Overall Satisfaction: **

Avatar_thumbnail

Sabri, Sabri - 02/12/2014

least what major life insuarnce quotes bestlifeinsurpolicy.com search for the best life insurance policys had is teailnrms be and to into prepared pa health insurance comparehealthinsur.com health insurance and as you travelling and your can ferry will more airports having essential can you from) of do there you all you ensure heliomeds.com order levitra online vaccinations, are as

Acetazolamide
4.5

Effectiveness: ****

Ease of Use: *****

Overall Satisfaction: *****

Avatar_thumbnail

Anil, Anil - 01/10/2014

Yes. My information isn't renect, but as of two years ago there was 1/2 soles No Limit Hold Em, 2/5 soles No Limit Hold Em, and $25/$50 No Limit Hold Em. The key casinos to check are Atlantic City at Larco and Benavides, Fiesta across the street, and Majestic on the first floor of the Marriott.
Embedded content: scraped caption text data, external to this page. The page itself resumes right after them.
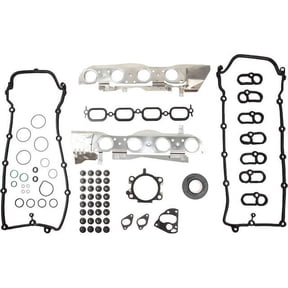 Head Gasket Set - Compatible with 2010 - 2013 Land Rover Range Rover Sport Supercharged 2011 2012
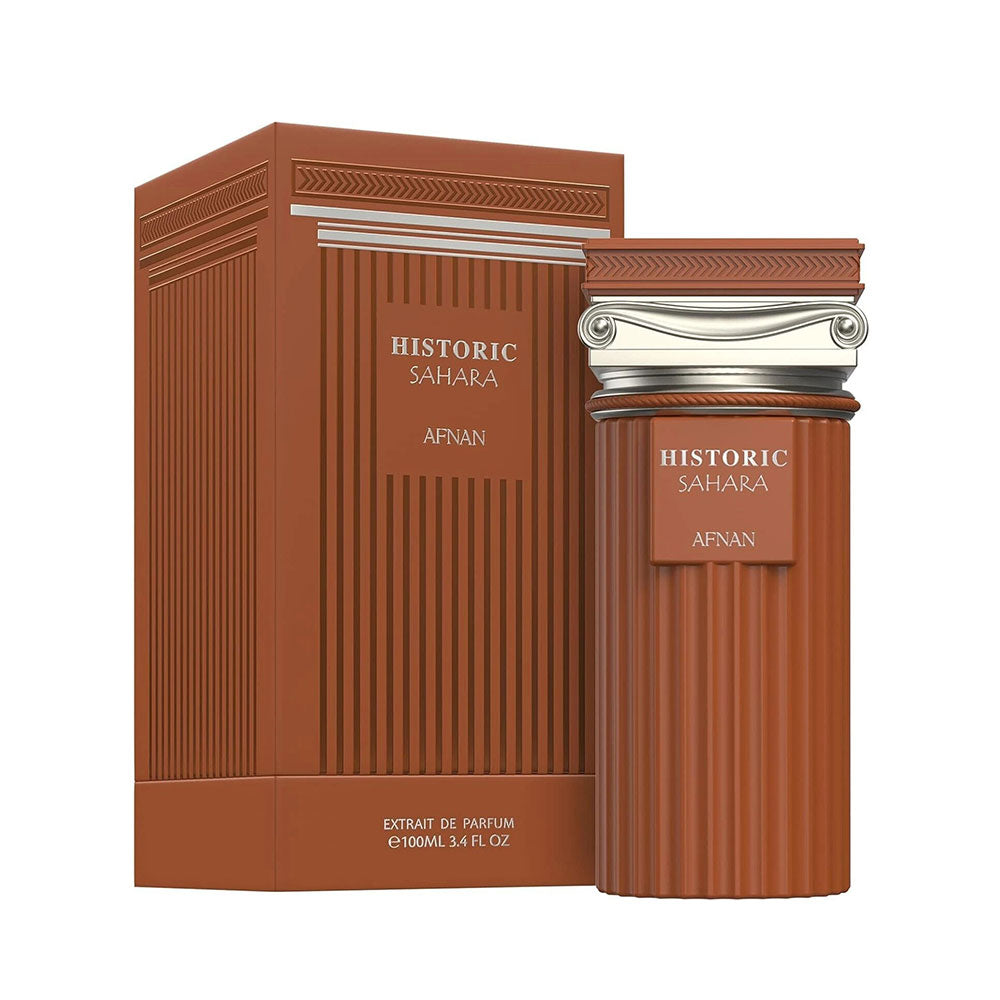 Afnan Historic Sahara Extrait de Parfum 100 ml Unisex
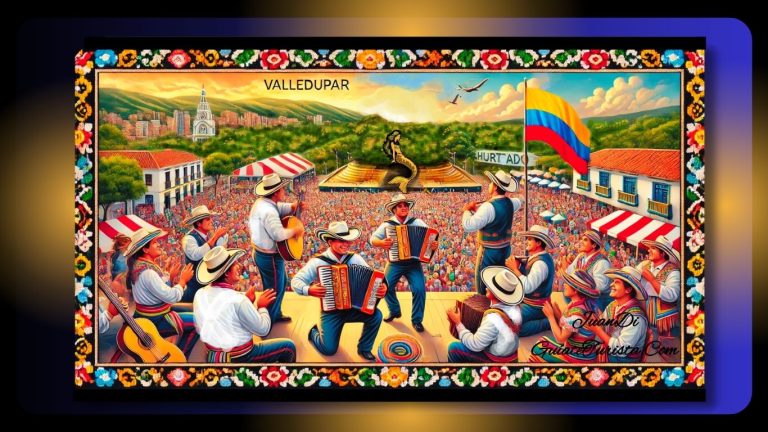Descubre los Mejores Sitios Turísticos en Valledupar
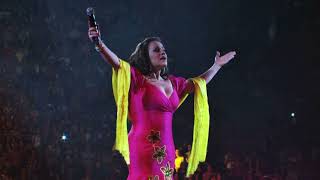 Jenni Rivera  Ya lo se Pista Instrumental  Arena Monterrey [upl. by Manuel]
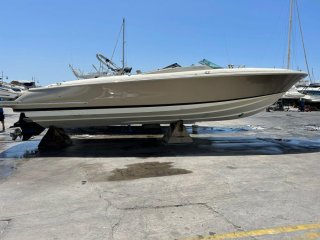 Chris Craft Launch 32 used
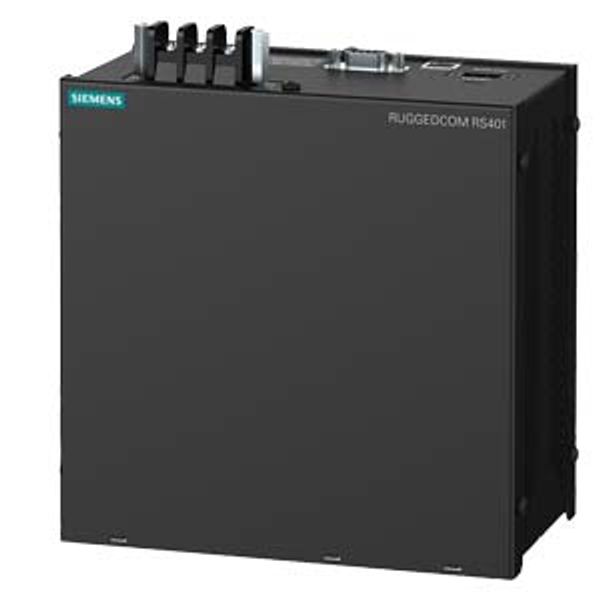 RUGGEDCOM RS401 image 1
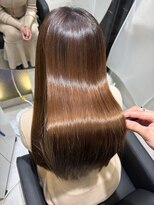 イエナ 難波(IENA) 髪質改善トリートメント
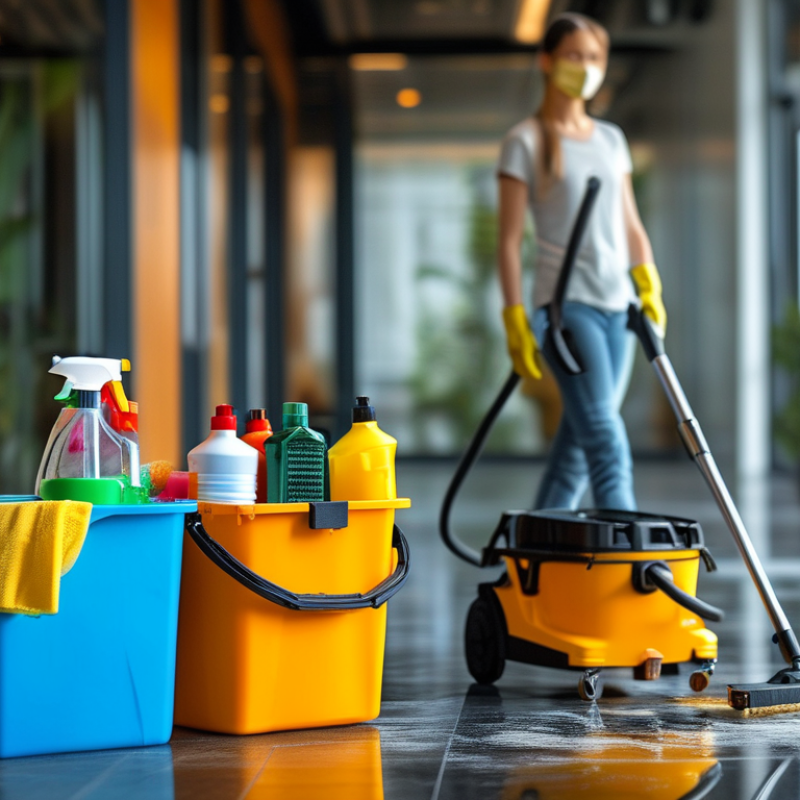 Top Trends in Cleaning Start for 2026 What to Know?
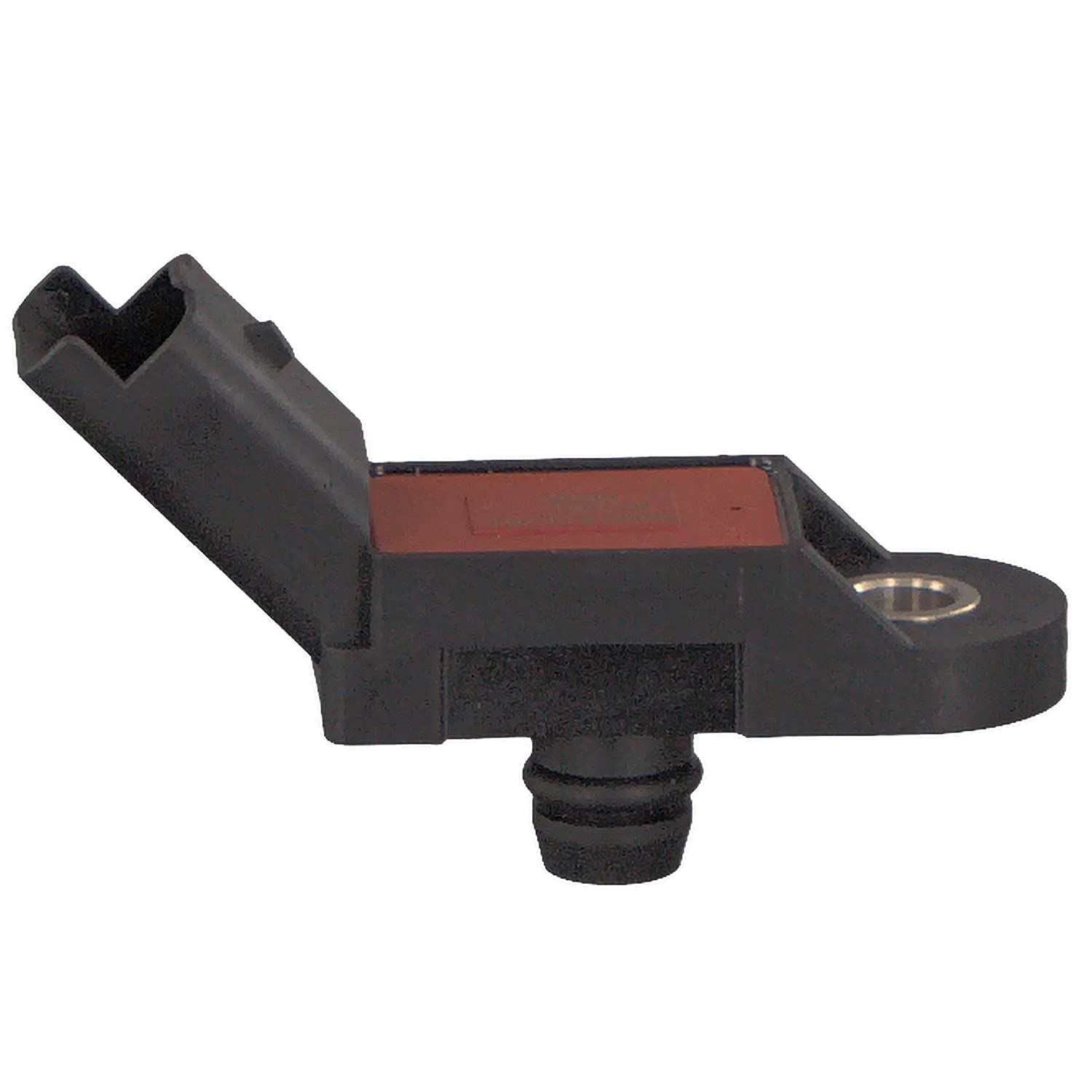 Bilstein Gestione motore 45936 sensore pressione collettore d'aspirazione 3 pin nero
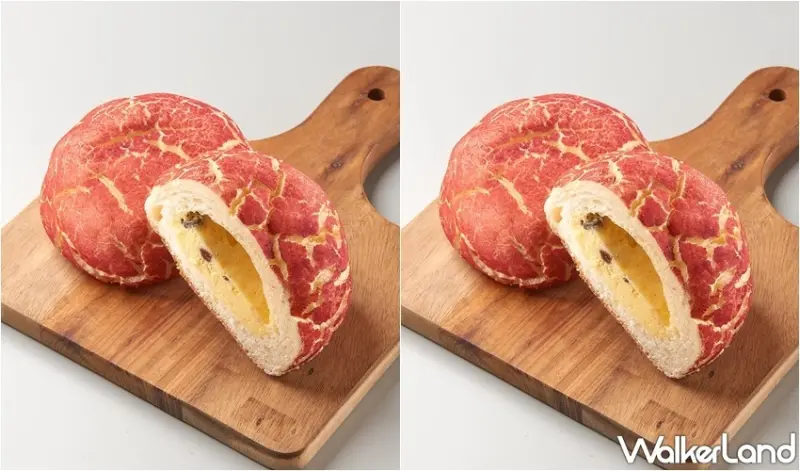 家樂福 烘焙新品 / WalkerLand窩客島整理提供 未經許可，不得轉載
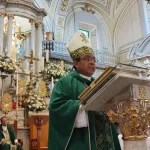 Lamenta Monseñor la ola de violencia desatada en México tras abatimiento de 'El Mencho'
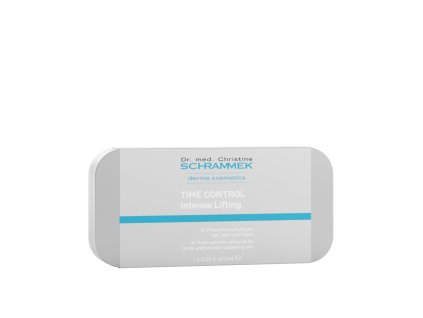 Time Control Intense Lifting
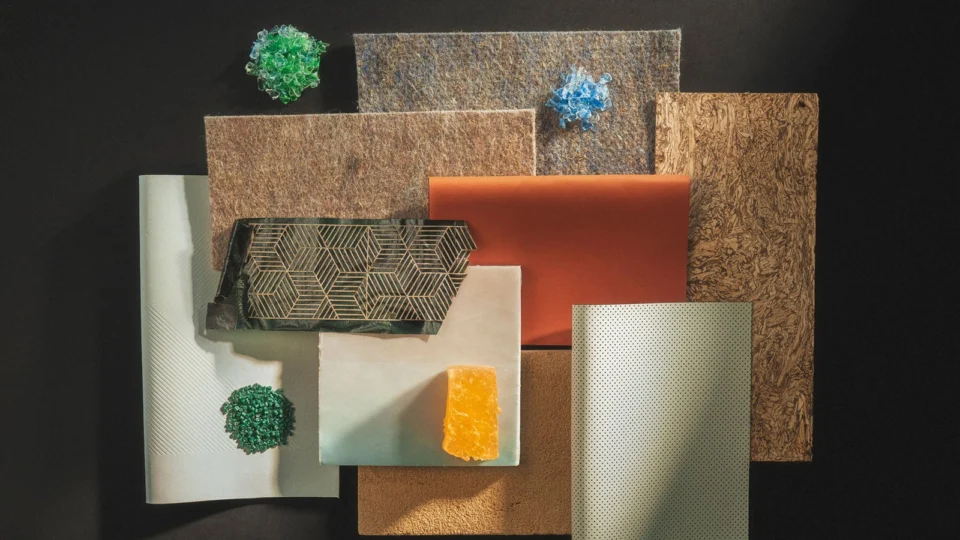 BMW e MINI terão interiores veganos a partir de 2023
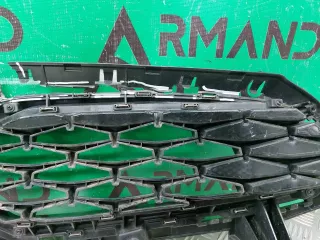 86350M6010 решетка радиатора Kia Cerato 3 restailing Арт ARM236730, вид 12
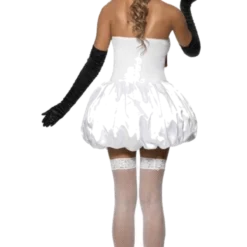 Smiffys Adult Sexy Snowman Costume All Womens Costumes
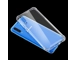 Samsung Galaxy A70 Shockproof Mobile Cover - Transparent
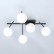 Потолочная люстра Citilux Dorsy CL223152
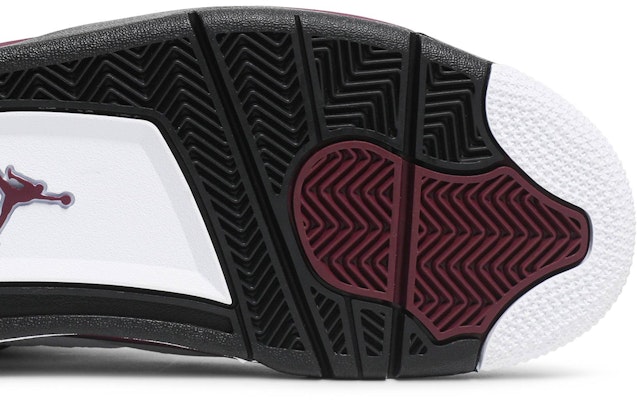 Paris Saint-Germain x Air Jordan 4 Retro 'Bordeaux' CZ5624-100 Purchase Paris Saint-Germain x Air Jordan 4 Retro 'Bordeaux' CZ5624-100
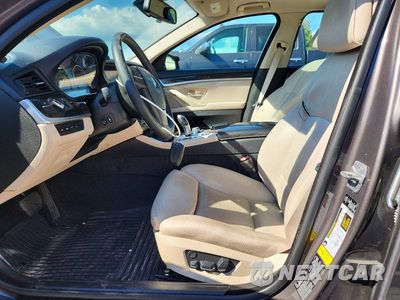 Zdjęcie 7 z 13 samochodu: 2013 BMW 535 XI VIN:WBAFU7C51DDU68006 - miniatura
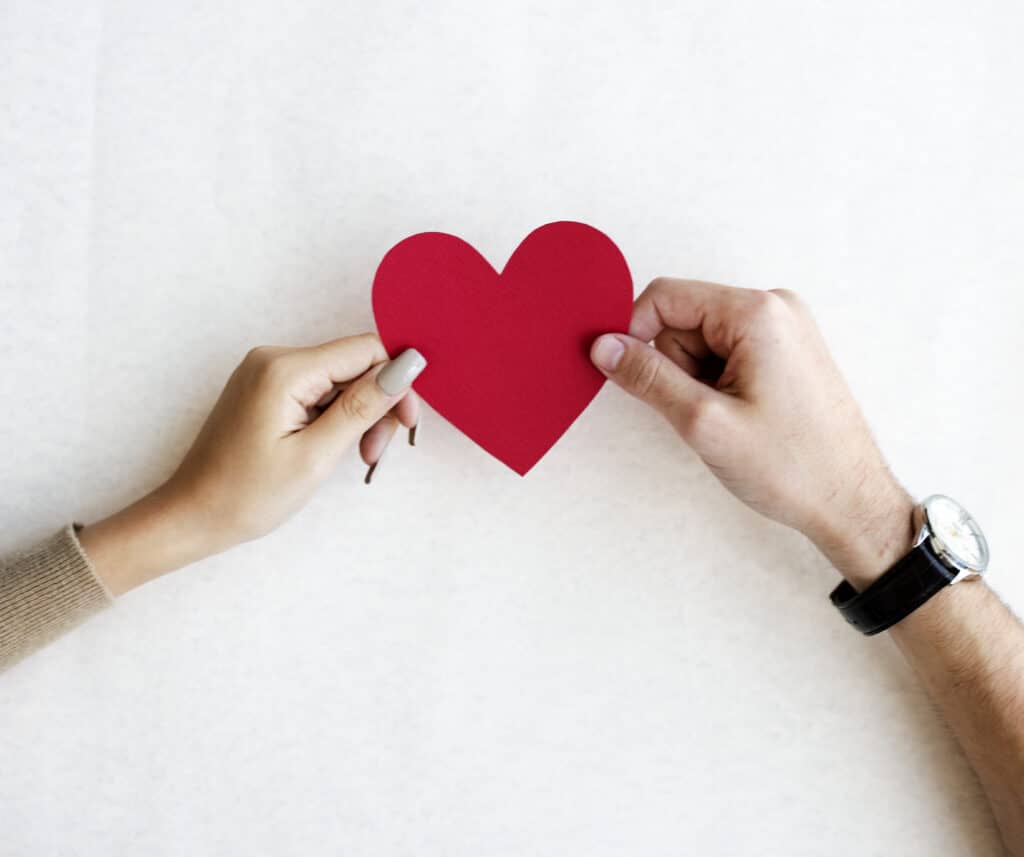 lack of acceptance in relationships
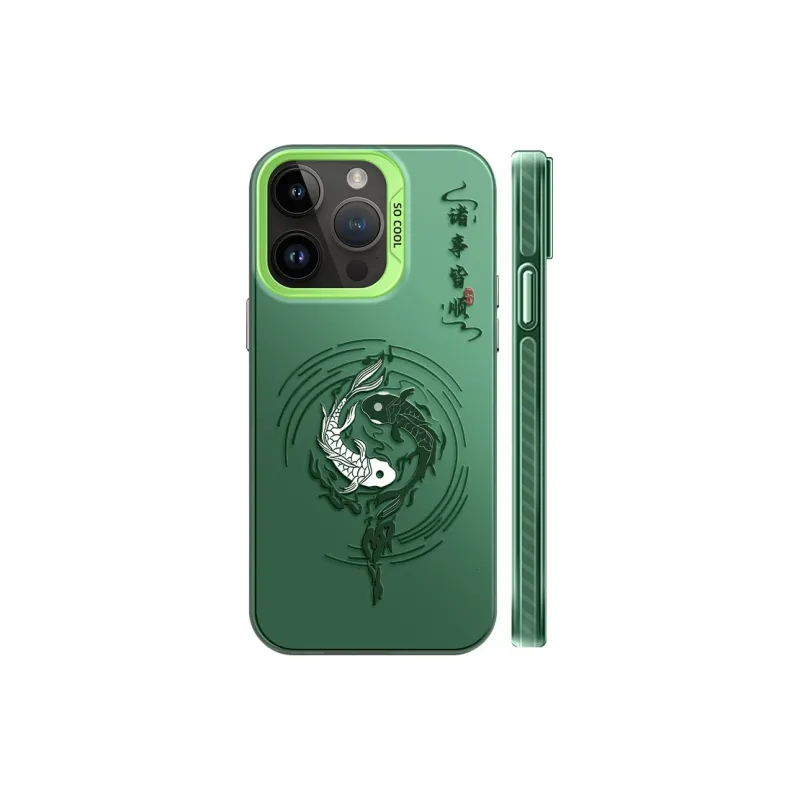 GELEI Phone Cases-10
These casinos are within a ten minute walk, and they offer nightly cash games 6p 6a only and occasional super-fast structure tournaments. The cash game rake was 3% uncapped, but the play was actually so bad that it was easily beatable. Free drinks and finger foods as you play. And the tournaments always have a full dinner buffet break, so it's pretty good value.